Though eagle-eyed fans of Steven Spielberg’s Jurassic Park may have noticed only a few minor differences so far, the 1993 film’s (co-written by Crichton and David Koepp) emphasis on finely-crafted set pieces and special effects breakthroughs distinguishes it from its source material in nearly every conceivable way. Crichton’s characters arrive on the island with evidence that dinosaurs have already escaped the park and spend most of the novel dissecting each procedural safeguard that Wu and operations manager John Arnold introduce. The dinosaurs, in fact, are almost entirely incidental, serving mostly to punctuate or disprove a theorem presented in the preceding pages. Book Hammond is more Jordan Belfort than Walt Disney, a greedy and opportunistic huckster who rages against philanthropy and government overreach. He brings his grandchildren to the island not to demonstrate the power of his attractions but to make himself more sympathetic to his accusers. Crichton’s Jurassic Park is not about the wonder; it’s about the warning.
Crichton fans understand, of course, that the late author was never much concerned with scale, characters, or dramatics. His writing is functional and expositional. His novels are mostly argumentative screeds that introduce a theory in the opening pages and wait around until each character comes around to his self-evident conclusions. What’s funny in Jurassic Park’s case, however, is that there’s more action in the book than in Spielberg’s film. Some of these bits, like the aviary attack and the T-rex’s river assault, found their way into sequel films. Others, like Grant’s fist fight with a velociraptor, were excised entirely. But Spielberg’s power lies in imagery and staging, which are far more immersive and character-based: The rex’s attack on the tour isn’t as exciting without Lex’s shaky flashlight or Malcolm’s misguided sacrifice. Nedry’s death at the hands of the spitter loses weight without his futile attempts to play fetch. Spielberg understood that action reads differently on screen than it does on the page, and that less can be (and often is) more.

Spielberg’s thematics are also far more attuned to the sensibilities of blockbuster filmmaking. Crichton’s Grant is a widower who loves kids. Sattler is marrying “a very nice doctor sometime next year.” Hammond and Malcolm die on the island. Crichton even resolves the dinosaur danger with time to spare and spends the last few chapters on an investigation of raptor migratory patterns. It’s clinical. Scientific. On the other hand, as designer Mike Hill argues, Spielberg’s Jurassic is an allegory for parenthood: Grant hates children but must prove to Sattler that he is ready to have a family. The couple examine an ultrasound, witness a live birth, and learn about the reproductive process before Grant is forced to lead two children through unimaginable dangers and return them safe and sound. Hammond and Malcolm (dressed in white and black, respectively) symbolize hope and doubt, angels and devils. Whereas Crichton’s ending — velociraptors escaping to the mainland — is dire and foreboding, Spielberg’s ending is awe-inspiring and cathartic.

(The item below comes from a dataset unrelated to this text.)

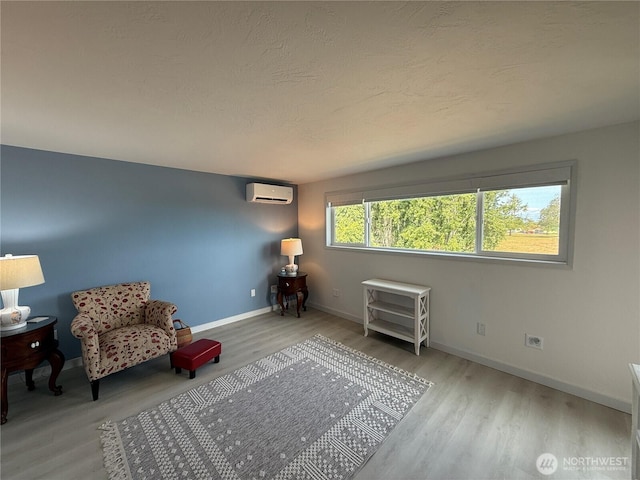 440 W Nelson Rd, Sequim, WA 98382 - sitting room featuring a wall mounted AC and wood finished floors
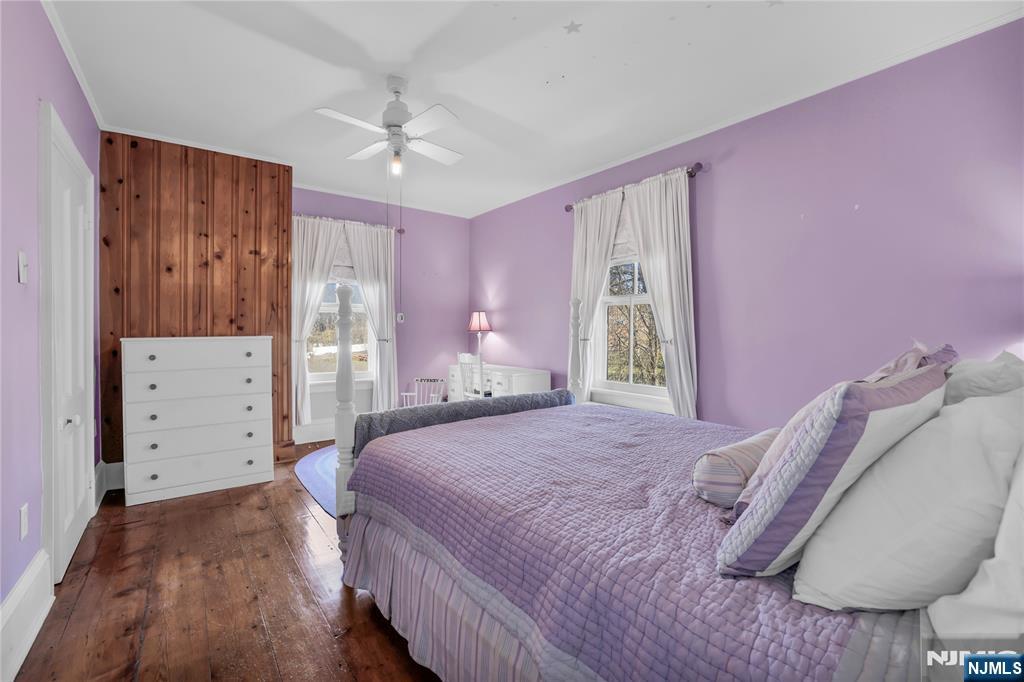 265 Little Falls Road Cedar Grove, NJ 07009 - Photo 34 of 49 a bedroom with a bed and a chair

So in the end, Jurassic Park is mostly a case of apples and oranges, two works with very different goals. Crichton’s novel appeals more to the intellect, with Grant, Wu, and Malcolm (clearly the author surrogate) filibustering at length about cutting-edge mathematics and conjectural biology. Prelude characters like Bobbie Carter and Marty Guitierrez illustrate issues plaguing modern research practices (mishandling samples and misdiagnosing evidence), which feeds Crichton’s already scathing cynicism about the future of science. His heroes are powerless when they leave the island (which is promptly firebombed), with none of the perpetrators living to learn from their mistakes. Spielberg, though clearly interested in Crichton’s ideas, front loads these debates so that audiences can focus on spectacles that speak to our hearts. His heroes survive, overcoming their obstacles and trading massive hubris for the wisdom of experience. Regardless of which tone you prefer, Jurassic Park remains one of finest examples of adaptation in modern Hollywood history.